December 29, 2008

"While You Were Away..."

So, you didn't have time to catch the news the past week? Sure. It was Christmas and perhaps, a time for peace and quiet however, the news marched on and here's a few things you may have missed.
  • Purrrrrfect Ironic ending - Comic book nerds and fans of campy nostolgia were left speechless on Christmas Day as the lady who portrayed Catwoman in the 1960's serial Batman passed away. She was in her 80's. Her death was somewhat ironic considering her other claim to fame was her rendition of, "Santa Baby" which was a top ten single in the 60's. Perhaps the Good Lord above chuckled to himself when choosing Christmas as a time to call her back home?! In any case, because of it being a rather slow week in the Entertainment Biz, another bit of irony surfaced in recent days when news tickers printed the same obituary on a daily basis as recently as today. That brings the total "deaths" of Eartha Kitt to five. Indeed, if the cliche is really true, this cat lady DOES have nine lives... which of course means, four more obits to go! Irony #3? Nope. This is kinda pushing a conspiracy theory not yet looked into. Though it is odd and almost exactly a year past his death, Heath Ledger and Eartha Kitt never crossed paths.
  • If you hold his ear up close next to yours, you can hear the Pacific Ocean! Just don't take his picture, PLEASE! Although not yet officially, he's been our President since November. Borack Obama. He's held daily Press Conferences, selected a whole list of his favorites to fill the Democratic Party's empty shoes. All this while George W. Bush is still kinda technically our President although missing as of late. While Obama finishes his walk on the sandy beaches of Hawaii before being sworn in as Commander-in-Chief, publications such as Time Magazine are already pointing out Obama's biggest beef: Being followed by camera crews.
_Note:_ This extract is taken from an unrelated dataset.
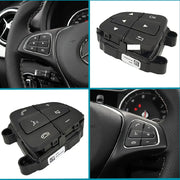 Steering Wheel Buttons Assembly Set for MERCEDES-BENZ A-CLASS W176 (2013-2018) in Black color made of PC and ABS
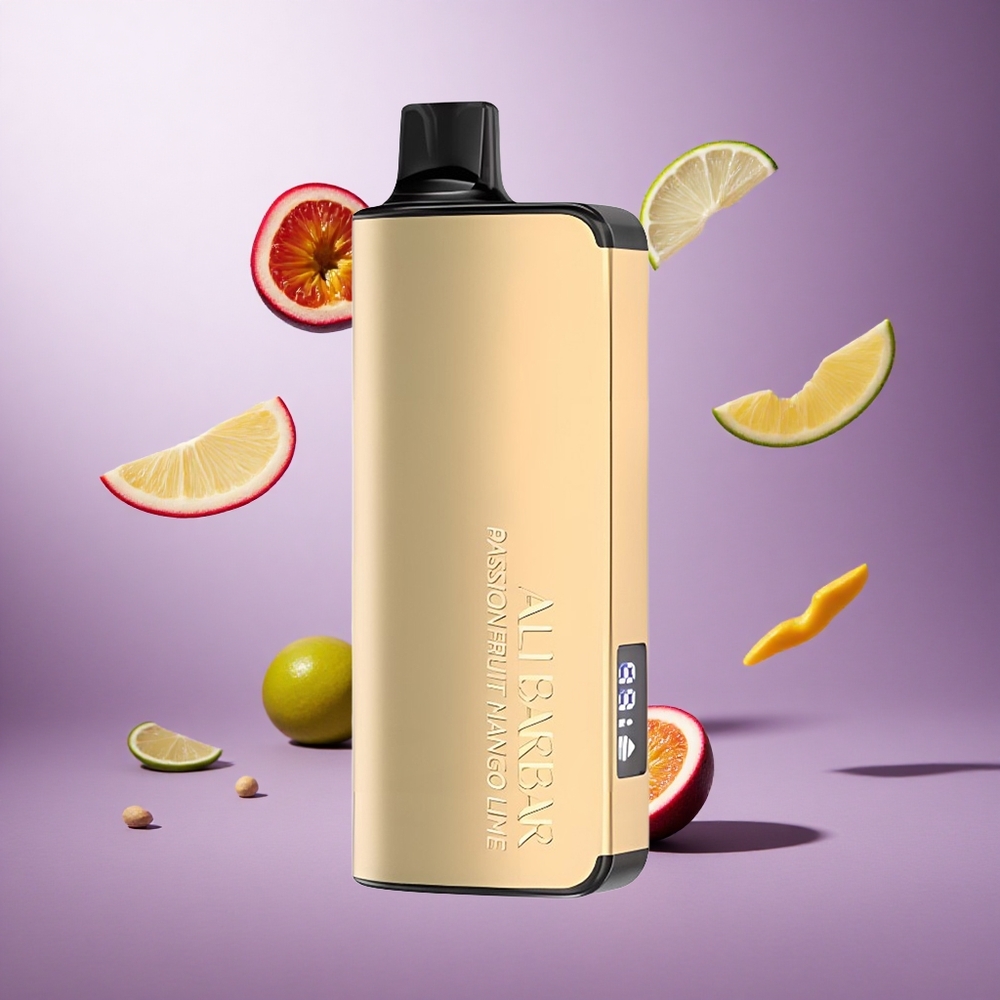 Alibarbar Ingot 9000 Puffs Passionfruit Mango Lime Singapore Wholesale 22ml E-liquid Capacity 2350mah Battery Capacity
A recent article discussed his being annoyed by "gawkers" preying on him and his family and same magazine showed a timeline of how the job ages a person at the end of his term. According to this photo at left, Obama will resemble Morgan Freeman almost as he appeared as President in Deep Impact. Hey, Obama's already aging rapidly due to Paparazzi? This photo may be somewhat conservative. Four years from now, he may look like Grady Wilson.
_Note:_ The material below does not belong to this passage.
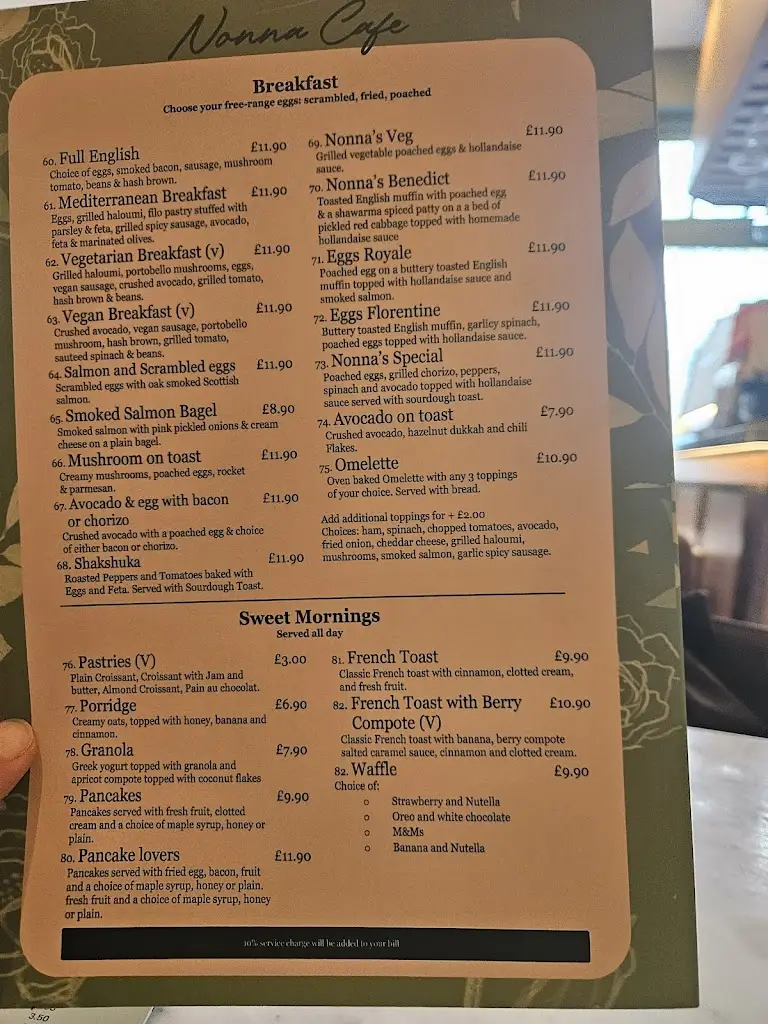 Menu_Nonna's Cafe and Restaurant _Harpenden_image_4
  • From the "Gee, maybe I should've said something sooner" files... There's nothing funny about the L.A. fella who dressed up in a Santa suit and went berzerk on his ex wife and family on Christmas Eve. It was a tragic story that ended with his own suicide. As is often the case in tragedies such as this, days later people/witnesses/those who seek attention start speaking to reporters to spin their own stories on events leading up to what happened. A woman (who chose not to be identified for fear of God knows what) had a chat with the tabloid talk outlet known as, Inside Edition. It was this lady who makes a living as a seamstress, that said she felt something suspicious about the guy who came into her shop last month to get custom fitted for a Santa Suit and stressed that she make it "XXL with plenty of deep pockets on the inside". Of course, we know what happened next. Hours later, same woman appeared on CNN telling the same story. Thanks for nothing lady! It's too late for "would've, should've, could'ves". I'm sure the survivors are grateful for your suspicions about the bad Santa. It's a shame you didn't talk BEFORE the events took place!
  • "A beautiful breeze in Greece" or in this case, "GREASE". Now your Pops/husband/boyfriend/significant other with bad taste can have the smell to go with it as Burger King rolled out it's latest menu item in the form of "Le toilet water". It's true. You or someone special can stink like the creepy pedophile King mascot who's always on the run from something or someone in commercials. Let's face it, you can smell like his meat... the meat that BK is so famous for "flame broiling" (although it's been decades since I actually spotted an actual fire going in the joint). Initially, the small bottle was to be sold via their website however, a few select stores sell the $7.99 bottle of BK right off the menu. Described as a cross between "Old Spice" and "fresh cut pine trees", this is the perfect follow up to last years "Play-Doh" cologne (which yes, actually existed). Save the eight bucks, wait for a warm day and throw Grandpa's Fruit of the Looms on the Bar-B in between the corn-on-the-cob and Oscar Mayer weiners and you get the same thing.